In the same breath, let it also be acknowledged that he is not a man without ambition. No one would construe it as any insult to his intelligence or disrespect to his office if it was suggested that like all previous occupants of Rashtrapati Bhavan, he too could be calculating the probability of a second term.
And, it is entirely possible that the prime minister and his advisers — all very shrewd and cunning men in their own right — have sensed a “second term” itch; and, they do know a thing or two about whetting appetites. Still, it is difficult to comprehend, leave alone appreciate, the president’s thought processes in signing on the March 28 proclamation.
A question of political balance
Had President Mukherjee decided to sleep over the March 28 recommendations of the cabinet, he would have spared the country quite a bit of constitutional commotion. No great or clear-cut political morality issues were, or are, involved. There is very little to recommend about Harish Rawat, and even less so about Vijay Bahuguna, the man who non-presided over the 2013 floods disaster. There are no obviously right or wrong choices in terms of good governance and good men. Somehow it is difficult to avoid a feeling that the president did not apply himself fully to the situation.
Constitutions are operated through political balances. A healthy polity thrives on healthy conventions. Even after these 60 years we find an acceptable balance eluding us. It is no consolation to us that increasingly all democratic polities find themselves almost overwhelmed by partisan men and their partisan calculations. The American arrangement is becoming more and more precarious by the day. For example, the Republicans are simply unwilling to start the Senate confirmation process for President Obama’s nominee to fill a Supreme Court vacancy. A grand violation of the American constitutional arrangement.
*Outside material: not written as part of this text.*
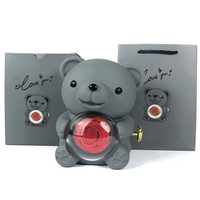 Cadeaux pour la fête des mères, boîte à bijoux en forme d'ours rose mignon, boîte à bijoux rotative de luxe en forme d'ours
Here at home, small men with their smaller calculations are not proving to be the best custodians of federal principles or constitutional values. The Centre is charged with the “duty” to protect the states against internal or external break-downs.
As early as 1982, President Sanjeeva Reddy had diagnosed the problem: “A central authority cannot claim greater competence, wisdom and objectivity or greater immunity from extraneous influences.” Since then things have not improved.
The president has influence, his office has an aura and respectability that he can always tap — that too, without getting into any kind of confrontation with the prime minister. At times, the president has refused to go along with the prime minister’s advice. V.V. Giri did it, so did R. Venkataraman, and so did K.R. Narayanan and A.P.J. Abdul Kalam. Zail Singh did use a “pocket veto” against the Postal Bill. In recent years, presidents have been known to quietly dissuade prime ministers from making poor appointments in the higher judiciary.
As the head of the republic, the president has to provide the balance. That means, at times he would be called upon to see to it that there is no imbalance. Constitutional statesmanship requires a continuous vigilance in defence of national equilibrium.
Harish Khare is Editor-in-Chief of The Tribune.